The sky remained dark, cloudy and dramatic and rain would greet us on our way back home. Let's take one final look back into the past, before we say goodbye...

This is a multi-part series. Other parts include:
Part One:
The Drive East

Part Two:
Inside the Village

Part Three:
Plains and Mountains of Herzegovina
Part Four:
The Abandoned School
Part Five:
Goodbye to the Past

 
click on the images for a bigger view

As I said, this village is very small, and on the last census in 1991, counted a population of 134 people. The houses where people live in have been rebuilt.


The houses are dotted throughout the landscape, and various paths lead from one to the other.



This village was one of the first in these regions to have fresh water supply. Usually when villages are so remote from main water sources, like rivers and lakes, people buy drinking water which is stored in wells. In this case, water from the local mountain "Crvanj" has been derailed into the village. A new fountain has been places in the village in 2001. The project was commissioned by the European Union.


Of course, not everything is rebuilt here. Old houses can still be found in the landscapes.


In some cases, people have repaired parts of the destroyed houses to keep them from further diminishing.




We made our way to another newly build structure in this village. We took a path through the plains, and once we made the corner...


...the sight of the new mosque greeted us.
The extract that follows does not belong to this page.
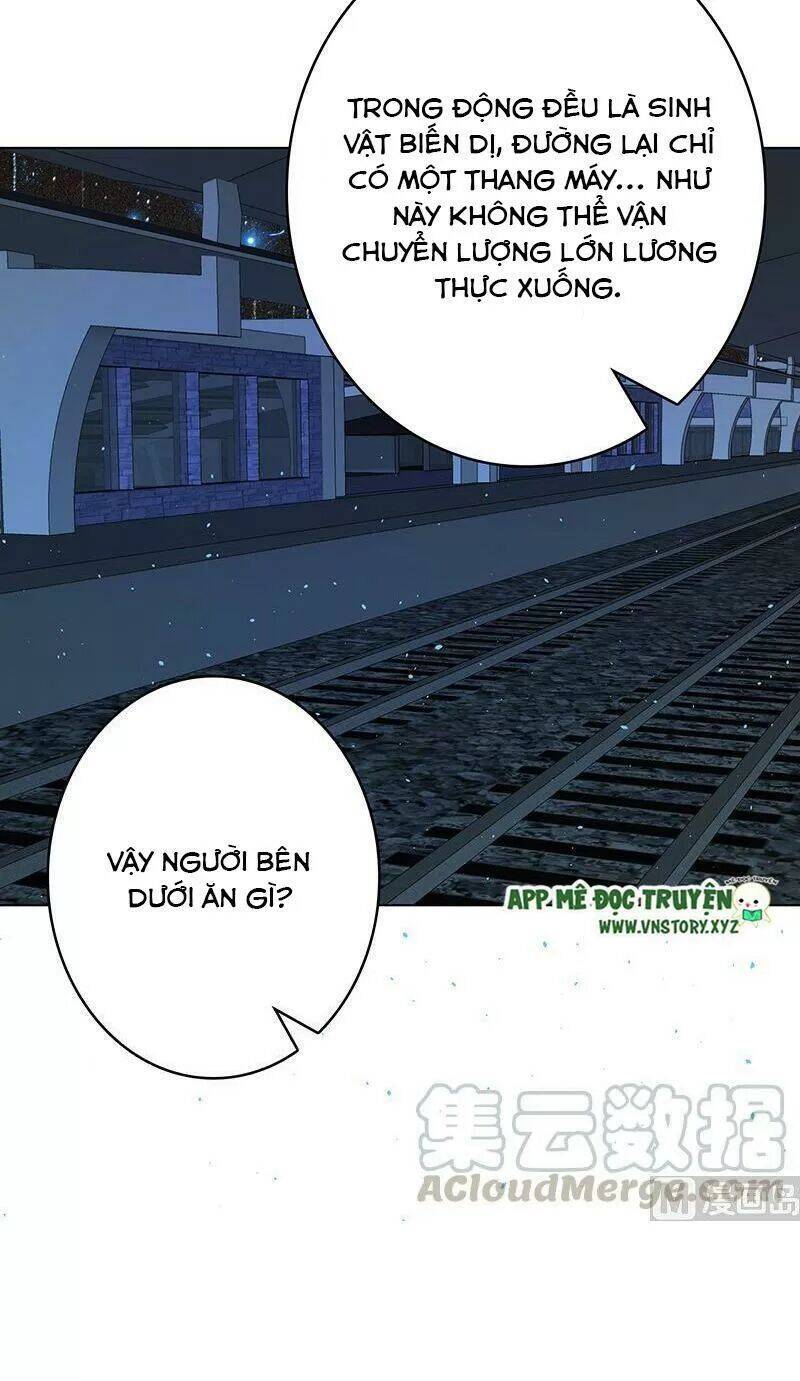 Quy Luật Tình Yêu Ở Mạt Thế Chapter 385 - 19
It's very isolated, and I'm not sure that anyone is using it, since they are so few people living here.




We entered the premiss and looked around. Over the stone fence nature was blooming, and houses could be seen in the distance. This is a very quite place.
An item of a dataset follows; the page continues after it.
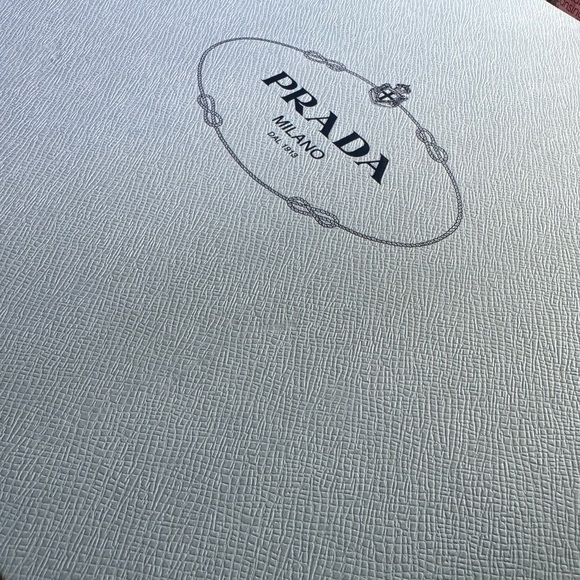 Prada
Nylon Lace-Up Combat Boots - Picture 7 of 8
There is a memorial here for the people of the village, who have been killed in the war.


You can see the names of the families, as well as the people who are listed under each family name. A sad note was, that there was even a newborn baby killed here. You can see the name in the middle with the engraving 1992-1992.
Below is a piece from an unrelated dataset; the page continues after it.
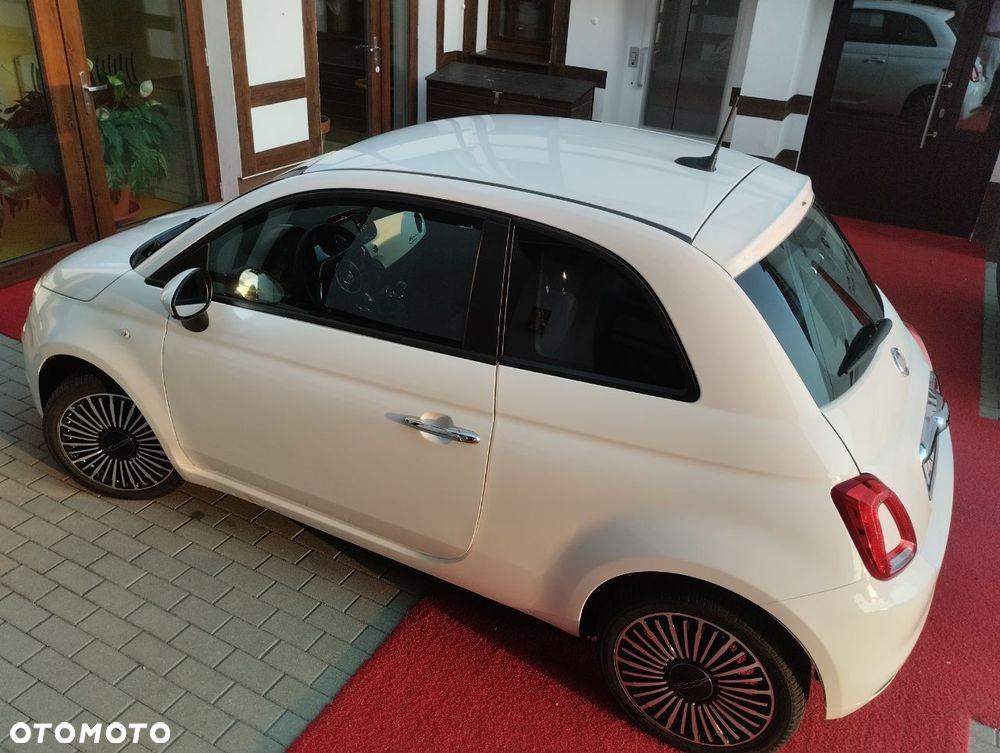 Fiat 500 1.0 GSE Hybrid Club - 6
We left this place, and returned to the car, ready to drive home.


I saw a swamp while we made our way out of the village. The dark skies provided a nice backdrop for the image.



On our way back, we saw another remainder of the past. These stećci were hidden beneath the trees along the road. A stecak is a tombstone from the 14th and 15th century.  The word itself is a contracted form of the older word stojećak, which is derived from the verb stajati (v. stand). It literally means "the standing thing".


Although its origins are within the Bosnian Church, all evidence points to the fact that Stećci were erected in due time by adherents of the Orthodox, Catholic and Islamic faith alike


The drive was taking us back west to Mostar, and there was even a promise of better weather in the far.


Once we drove out of the valley, the blue sky returned and the clouds began to clear. It seemed as this was a perfect message, after everything that we saw. Yes, the past can be haunting and sad, but there is so much to be gained from it. 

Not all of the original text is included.